• TASK STATEMENT
Please work out how many of the lines below include "Black". Only the number should be given.

• RECORDS FOR PROCESSING
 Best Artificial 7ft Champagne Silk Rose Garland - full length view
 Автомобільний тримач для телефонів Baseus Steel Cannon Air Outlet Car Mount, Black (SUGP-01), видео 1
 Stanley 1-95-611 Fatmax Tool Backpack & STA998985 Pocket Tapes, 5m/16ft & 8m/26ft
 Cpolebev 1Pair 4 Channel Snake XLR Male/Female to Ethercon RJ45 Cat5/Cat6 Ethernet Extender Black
---
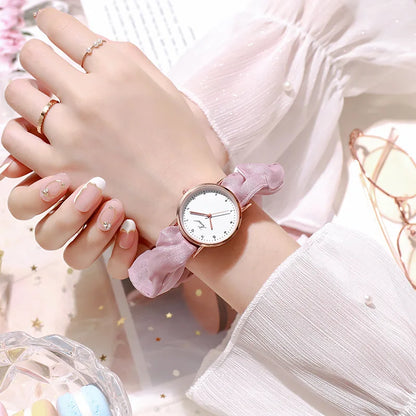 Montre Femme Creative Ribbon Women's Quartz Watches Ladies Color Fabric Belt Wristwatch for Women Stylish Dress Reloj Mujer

• TASK RESULT
2